F. Scott Fitzgerald wrote: "The American in Paris is the best American. It is more fun for an intelligent person to live in an intelligent country. France has only two things toward which we drift as we grow older—intelligence and good manners." And I would add great jazz!

Although many think that much of Paris shuts down in mid-to late-summer, that's not true for most of the 30-some regular jazz clubs, although a few close for two weeks in August, the month when many Parisians are en vacances.

Live jazz performances are abundant in Paris, but this was a new attraction when black soldiers first brought their American-born music to Europe during World War I and again during World War II. All the jazz venues mentioned have baby grand or upright pianos on their stages.

The most vintage dates to 1921 when Le Boeuf sur le Toit opened as a cabaret; it relocated several times and now has a piano bar with jazz concerts scheduled only on Thursdays. This is where guitarist Django Reinhardt is credited with originating French jam sessions that are still known as le boeuf (beef), after he invited other musicians to join in after his paid sets ended. In 1940s, the American term "jam" was created, derived from a word of the 1730s for preserved fruit smashed into jars, reflecting the way after-hours musicians jammed free-form sounds together, rather than just playing written notes of the era's big-band music.

The next eldest of Paris clubs is Caveau de la Huchette, open continuously since 1946 as a nightly venue in the Latin Quarter on the Left Bank. An all-ages swing-dance crowd regularly gathers in the underground club. Every band focuses on the swing, ballads and boogie-woogie of its original era, later adding bebop and Latin rhythms. In July and August, the subterranean performance area (space for 50 to 75) stays fairly cool, although some dancers bring towels and even fresh shirts or blouses. A steep and well-worn stone stairway leads down to bench seating and an elevated stage with an upright piano. I once overheard a young listener say the nightly "floor-show" of dancers looked like the set of an old movie.

New Morning opened in 1981 in north-central Paris with a concert by Art Blakey and the Jazz Messengers performing in this warehouse-like space that seats 200. This has been the largest Paris venue, although shifting in recent years from pure jazz to more varied music, as have most of the longtime jazz festivals around the world.

Two years later, three Paris jazz clubs opened on the same narrow street, rue des Lombards on the Right Bank. Sunset-Sunside opened in 1983 and doubled its space in 2001 by converting its underground restaurant, Sunset, into a second performance room. Jazz is booked nightly in both 50-seat venues that have appetizers menus. Next door is Baiser Salé ("salty kiss"), an upper-level bar with stage that seats 40. Duc des Lombards club was added in 1984 along the same rue, remodeled a few years ago to seat 75 on two-levels with a small-plates menu. Devoted jazz fans soon labeled these clubs la triangle d'or de jazz (the golden triangle of jazz), which it remains three decades later.

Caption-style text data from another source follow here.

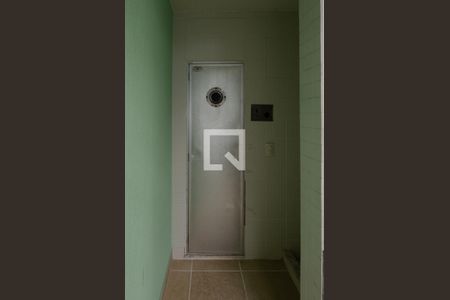 Apartamento à venda com 270m², 4 quartos e 3 vagas Apartamento à venda com 270m², 4 quartos e 3 vagasÁrea comum - sauna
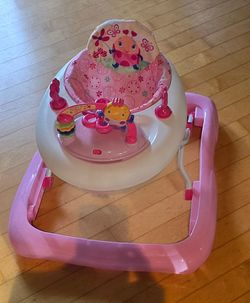 Baby sit in walker ***NEW***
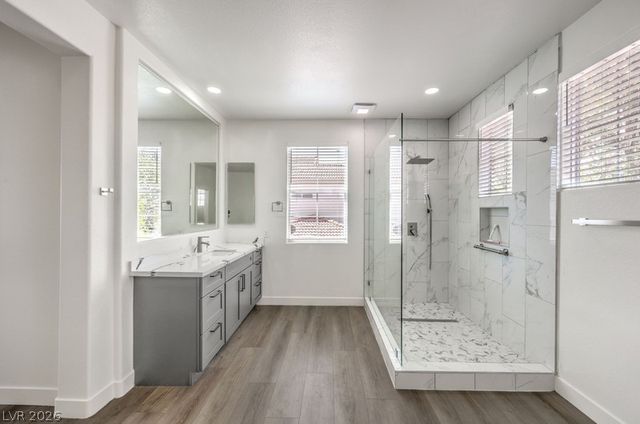 1304 Kingdom Street, Las Vegas, NV 89117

Two longtime sister supper clubs that book jazz are the intimate underground Le Petit Journal St. Michel near the Luxembourg Garden (est. 1971), and the spacious showroom-style Le Petit Journal Montparnasse that opened soon after, both with dinner menus.

One of the newer locales is Cave Du 38 Riv' in the Marais district of Paris that opened in 2007. This narrow, low-ceiling caveau is a two-flights-underground space (42 steps, elevator for the disabled or weak of limb). Local and touring European musicians are booked, as well as jam-session nights that attract younger fans who fill the 30-some low settees and a raised area of high-top tables and stools. Two earlier longtime subterranean jazz boites that closed in the late 1990s were Le Petit Opportun and the Swing Club.

The most elegant locale for jazz, blues and pop music is the spacious lounge of the Hotel Meridien L'Etoile, where I was thrilled several years ago to hear Michel Legrand himself play piano and sing. More compact venues include Le Caveau Des Oubliettes (two tiny jail-themed subterranean rooms) that books mostly blues bands, and Café Universel, a street-level no-cover club favored by Sorbonne students. Also long-term are Café Laurent (piano duos/trios in the lobby bar of the Hotel d'Aubusson), Chez Papa Jazz Club, Swan Bar and Autour de Midi & Minuit. There also are several boat-restaurants anchored on the Seine River that book solo or duo jazz artists on weekends.

As always, the biggest international stars play the largest venues, which one recent summer included concerts at the huge Olympia concert hall by both Diana Krall and Arizona-resident guitarist-vocalist George Benson.

Many clubs schedule tributes (hommages) to jazz legends such as Duke Ellington, Charlie Parker, Thelonious Monk, Django Reinhardt and George Gershwin, performed by American, French and other European musicians. Acoustic groups often perform manouche (gypsy jazz) in small churches and at summer festivals. That style was being performed one sunny afternoon near the Paris city hall (Hotel de Ville) by a duo from a larger ensemble, Swingin' Partout. Guitarist Nicholas Lestoquay and violinist Jeremie Levi-Samson (both classically trained) had attracted an audience by performing swing-style originals that evoked Reinhardt and Stephane Grappelli. As usual, there was a box for donations with albums to purchase, including an eponymous double CD of the quintet performing 20 gypsy-jazz originals.

In addition to the club scene, there are many jazz and/or classical ensembles performing free in the vintage gazebo of the spacious Luxembourg Garden. One concert this summer featured an octet playing jazz from films (Le Jazz Fait Sont Cinema). Outdoor performances also are staged on spring and summer weekends in the Parc Floral (6 euros gate-fee, picnicking with BYOB permitted). The groups are mostly French and Eurozone musicians. The same kind of lineup worked the annual Paris Jazz Festival in late June.

There are numerous piano bars around the city and, in mild weather, musicians perform on bridges and street corners, some even bringing upright pianos on rollers. Radio station TSF-fm (89.9) plays mainstream jazz and blues 24/7 with periodic newscasts and early-evening musician interviews.

To find out who is performing and where, search Jazz Near You: Paris (and download the free app), search Paris Jazz Club, or purchase the weekly Pariscope or L'Officiel des Spectacle magazines (95 centimes each Wednesday). Some clubs also have stacks of the free Paris Jazz Club Agenda and/or LYLO, the latter listing all genres of music. For the best souvenir, I always purchase the two monthly French-language jazz magazines, JAZZman and JAZZ that sometimes include compilation CDs for the price of 6.50 euros ($7).

If I had been able to stay longer, I would have attended the annual Jazz a Villette festival's 12-night agenda in September that features top international stars from the U.S. and Europe in the Cite de la Musique's acoustically acclaimed concert hall.